TAN-LM files are used to associate words or word fragments with lexemes and morphological categories. They are intended primarily to facilitate research that depends upon alignments, but they can be valuable on their own, whether or not there are other versions or alignments.
These files rely upon the grammatical rules defined for a given language in a TAN-mor file. Therefore this section should be read in close conjunction with its companion: the section called “Morphological Concepts and Patterns (TAN-mor)”).

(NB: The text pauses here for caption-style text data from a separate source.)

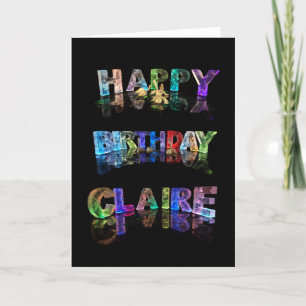 Gelukkige verjaardag Claire Kaart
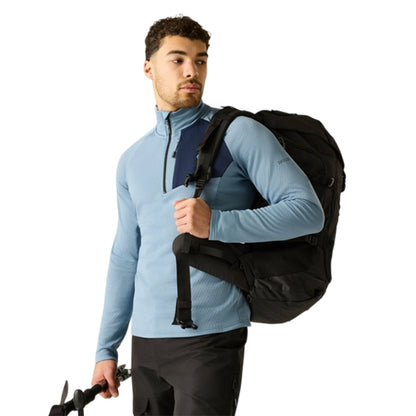 Dusky Blue - Close up - Dare 2B Mens Venture Stretch Overhead Midlayer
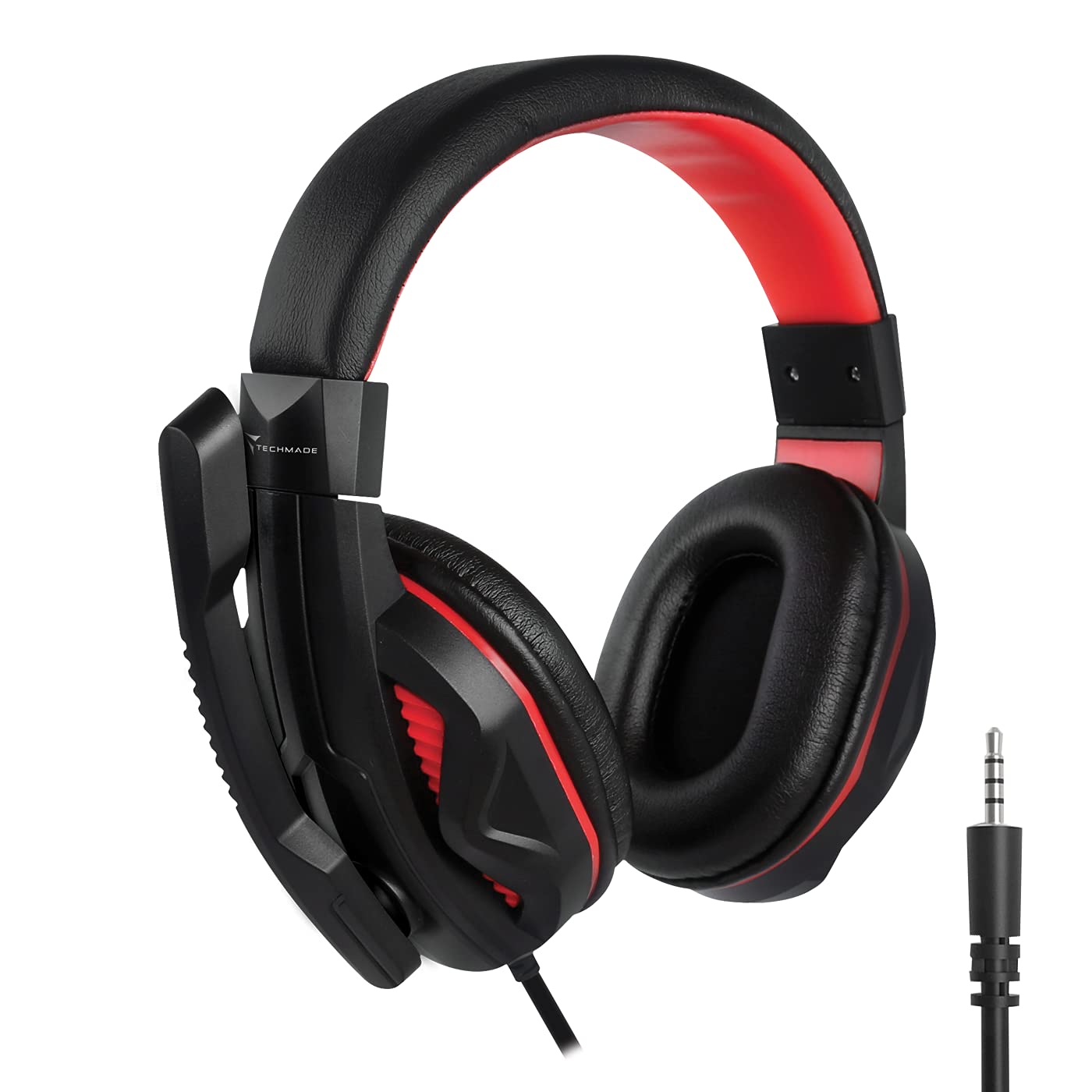 KIT GAMING TECHMADE 4 IN 1 TASTIERA COMODA E SILENZIOSA -MOUSE CON SENSORE OTTICO -CUFFIE CON CONNETTORE JACK-PAD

TAN-LM files are assumed to be applicable to texts in languages whose vocabulary lends itself to grammatical and lexicographical analysis. The two areas are interrelated but independent. If you wish, your TAN-LM file may contain only lexemes or only morphological analyses.
As an editor of a TAN-LM file you should understand the vocabulary and grammar of the languages you have picked. You should have a good sense of the rules established by the lexical and grammatical authorities you have chosen to follow. You should be familiar with the conventions and assumptions of the TAN-mor files you have adopted.

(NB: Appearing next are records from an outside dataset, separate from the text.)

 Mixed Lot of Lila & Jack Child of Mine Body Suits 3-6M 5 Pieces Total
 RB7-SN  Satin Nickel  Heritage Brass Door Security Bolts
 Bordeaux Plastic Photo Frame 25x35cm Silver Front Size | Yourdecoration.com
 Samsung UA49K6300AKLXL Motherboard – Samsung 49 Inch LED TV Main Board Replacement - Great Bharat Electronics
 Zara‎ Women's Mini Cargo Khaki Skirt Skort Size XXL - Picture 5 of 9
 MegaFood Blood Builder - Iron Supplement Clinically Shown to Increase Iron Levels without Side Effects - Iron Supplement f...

Although you must assume the point of view of a particular grammar and lexicon, you need not define those authorities, nor hold to a single one. In addition, you may bring to lexical analysis your own expertise and supply lexical headwords unattested in printed authorities.
Although TAN-LM files are simple, they can be laborious to write and edit, more than other types of TAN files. They can also be hard to read if the underlying TAN-mor files use cryptic codes. It is customary for an editor of a TAN-LM file to use tools to help create and edit the data.

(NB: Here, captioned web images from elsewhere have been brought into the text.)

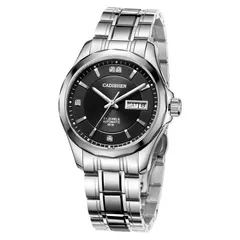Cadisen C8051M day-date automatic with black dial on a steel bracelet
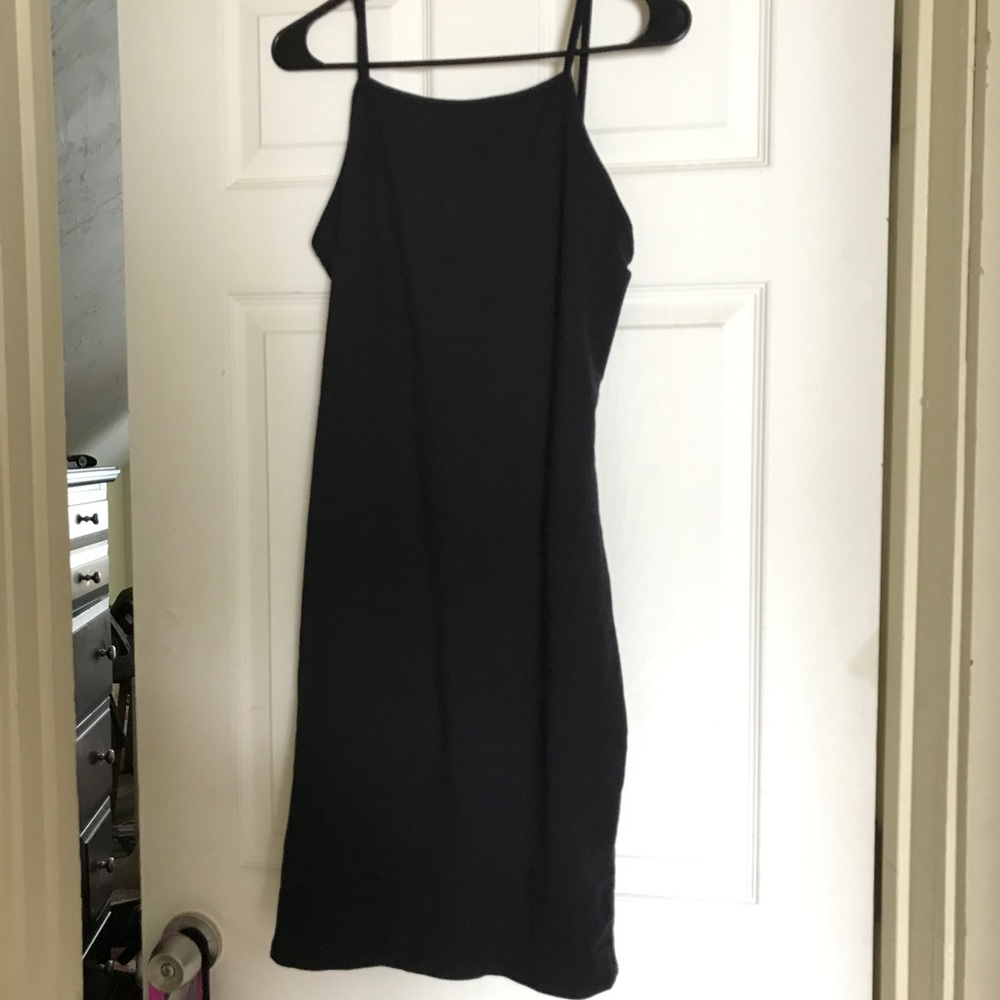 Black cami dress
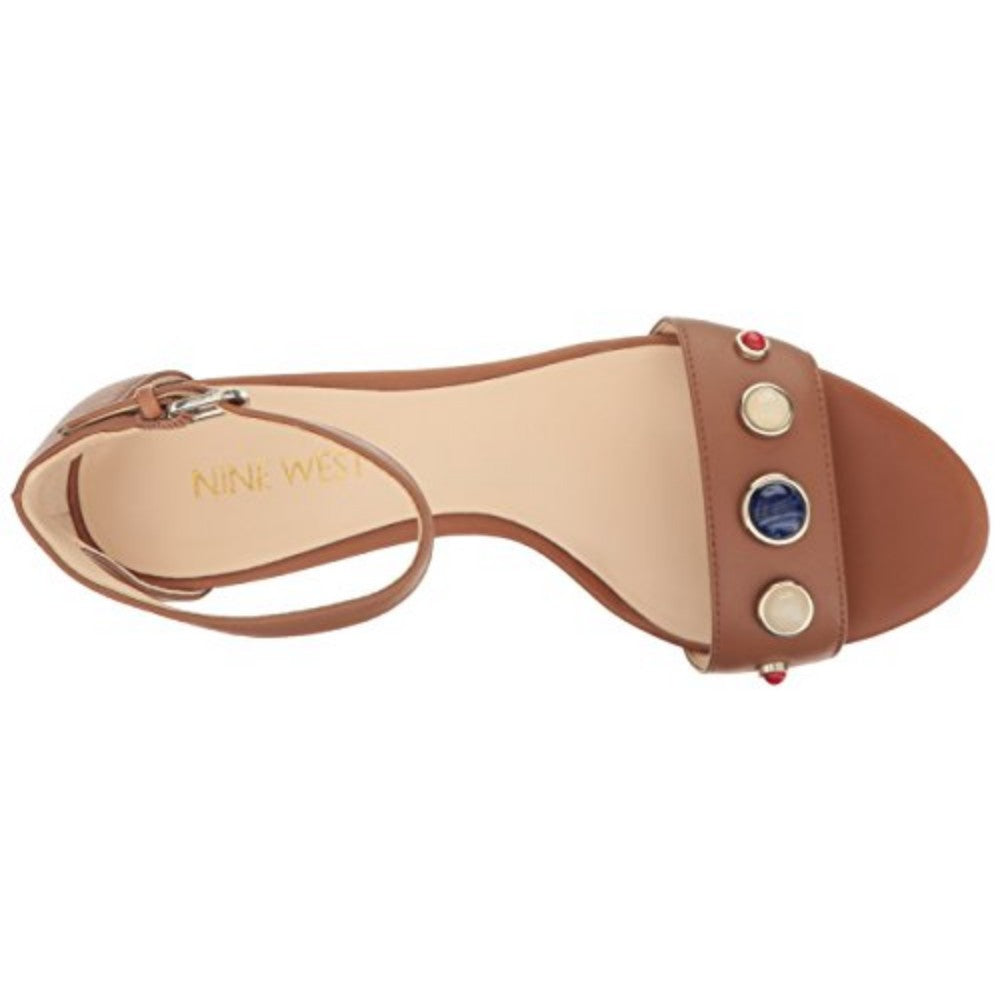 Lilac Dark Natural Nine West Sandal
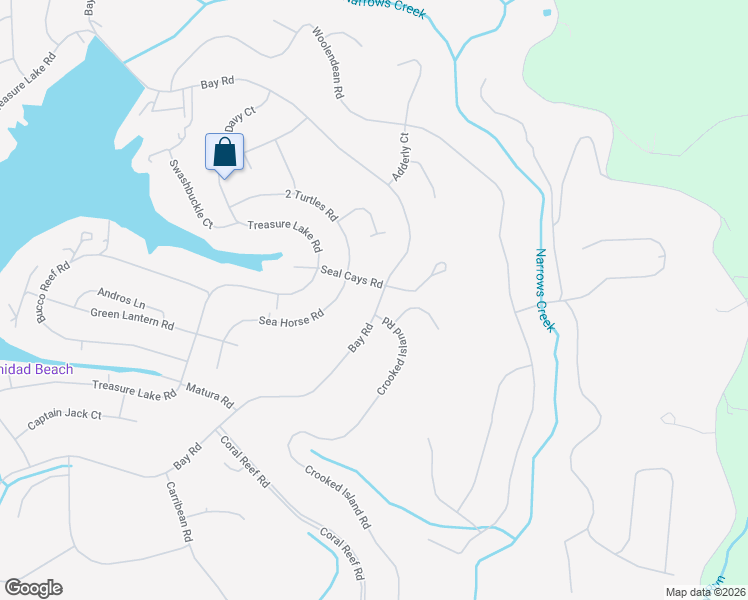 map of restaurants, bars, coffee shops, grocery stores, and more near 1302 Crooked Island Rd in DuBois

The root element of a lexico-morphological file is TAN-LM.
TAN-LM files are either source-specific or language-specific. In the case of
the former, <source>
points
to the one and only TAN-T(EI) file that is the object of analysis. In the case of
the latter, <for-lang>
is
used to indicate the languages that are covered.
Note | |
---|---|
If the language-specific option is exercised, the file must point to TAN-LM-lang schema files. See the section called “Overall Structure (root)”. |
<declarations>
takes the elements common to class 2 files (see the section called “Class 2 Metadata (<head>)”. It takes two other elements unique to TAN-LM: <lexicon>
(optional) and
<morphology>
(mandatory). Any number of lexica and morphologies may be declared; the order is
inconsequential.
There is, at present, no TAN format for lexica and dictionaries, although this may change in the future. So even if a digital form of a dictionary is identified through the the section called “Digital Entity Metadata Pattern”, no validation tests will be performed.
You may find a non-TAN lexical model to be a suitable supplement to any TAN collections you develop. The TEI supports dictionary encoding, and the Lexical Markup Framework, an ISO standard (ISO-24613:2008), has defined a data model for lexicons and dictionaries. The former is geared toward philology and the latter toward linguistics. You may also devise your own format if neither of these support aspects of lexicology that you find important.
Because you or other TAN-LM editors are likely to be authorities in your own
right, <agent>
can be
treated as if a <lexicon>
,
and be referred to by @lexicon
in the <body>
.
<body>
)The <body>
of a TAN-LM file
takes, in addition to the customary optional attributes found in other TAN files
(see @in-progress
and
the section called “Edit Stamp”), @lexicon
and @morphology
, to specify the default lexicon and grammar for
the file. @lexicon
may point
either to a <lexicon>
id or
to an <agent>
id (when
someone editing the TAN file is an authority).
<body>
has only one type of
child: one or more <ana>
s
(short for analysis), each of which matches one or more tokens (<tok>
) to one or more lexemes or
morphological assertions (<lm>
, which takes <l>
s and <m>
s).
If due to tokenization a linguistic token must occupy more than one <tok>
, you may use @cont
to group <tok>
s together.
Elements within an <ana>
are distributed, to allow economically sized files. That is, every combination of
<l>
and <m>
(governed by <lm>
) is asserted to be true for
every <tok>
.
Many TAN-LM files will be populated by a stylesheet or other algorithm that
automatically calculate the possible morphological values of each token, for
example, "down" being marked as an adjective, an adverb, a noun, and a verb. In
this case, you does not wish to claim that a word really is every combination
generated. But you do wish to leave open the possibility for cases where such
ambiguity must be expressed (e.g., "down" in "Get down off a duck." being equally
a noun and adverb). It is advised that automatically calculated results always
include @cert
with weighted
values that sum to 1 for each token.